The fact that the bridge loans related to FPSO Almirante Tamandaré and FPSO Alexandre de Gusmão were drawn in full during the last quarter of 2021 for a total amount of US$1,255 million generated a significant excess of financing cash flow compared with actual investments to date on these two units (approximately US$800 million as of December 31, 2021). As a result, cash and cash equivalents increased from US$383 million at year-end 2020 to US$1,059 million at year-end 2021.

Backlog

The Directional backlog, which is presented on a pro-forma basis in note 4.1.3 Financial Review Directional, grew to a record total of US$29.5 billion at December 31, 2021, compared with US$21.6 billion at year-end 2020.

This increase was mainly the result of (i) the awarded contracts for the FPSO Almirante Tamandaré project and the FPSO Alexandre de Gusmão project and (ii) the awarded initial scope to begin FEED activities and build a Fast4Ward® hull for the FPSO for the Yellowtail development project. SBM Offshore’s backlog provides cash flow visibility of 29 years, up to 2050.

Statement of Financial Position

SBM Offshore’s financial position has remained strong as a result of the cash flow generated by the fleet and the successful adaptation of the Turnkey segment to a more competitive and unpredictable market.

Directional shareholders equity decreased from US$858 million at year-end 2020 to US$604 million at year-end 2021. This was primarily due to the completion of the EUR150 million (US$178 million) share repurchase program and the dividend distribution to the shareholders for an amount of US$165 million partially offset by the net income of the year. It should be noted that under Directional policy, the contribution to profit and equity of the substantial FPSOs program under construction will largely materialize in the coming years, subject to project execution performance, in line with the generation of associated operating cash flows.
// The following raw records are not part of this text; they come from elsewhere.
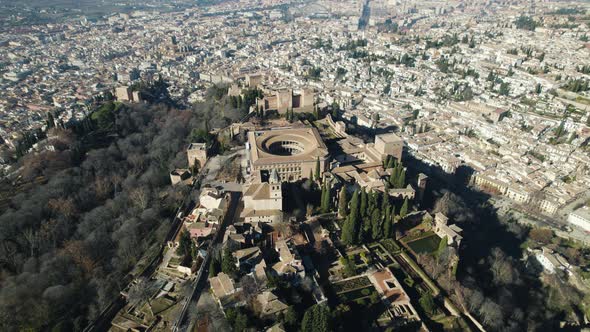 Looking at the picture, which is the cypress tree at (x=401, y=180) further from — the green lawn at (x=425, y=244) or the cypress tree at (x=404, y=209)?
the green lawn at (x=425, y=244)

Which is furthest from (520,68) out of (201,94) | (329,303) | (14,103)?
(14,103)

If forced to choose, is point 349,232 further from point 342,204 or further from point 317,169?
point 317,169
Directional net debt increased to US$5,401 million from US$4,093 million at year-end 2020. While the Lease and Operate segment continues to generate strong operating cash flow, SBM Offshore drew (i) on projects financing and (ii) on bridge loan facilities for FPSO Almirante Tamandaré and FPSO Alexandre de Gusmão to fund continued investment in growth.

Almost half of SBM Offshore’s debt as of December 31, 2021 consisted of non-recourse project financing (US$2.9 billion) in special purpose investees. The remainder (US$3.5 billion) mainly comprised of borrowings to support the on-going construction of five FPSOs which will become non-recourse following project execution finalization and release of the Parent Company Guarantee. SBM Offshore’s Revolving Credit Facility (RCF) was undrawn at year end and cash and undrawn committed credit facilities amounted to US$2,981 million.

For a total overview of SBM Offshore’s financials under IFRS, please see section 4.2 Consolidated Financial Statements of the Annual Report.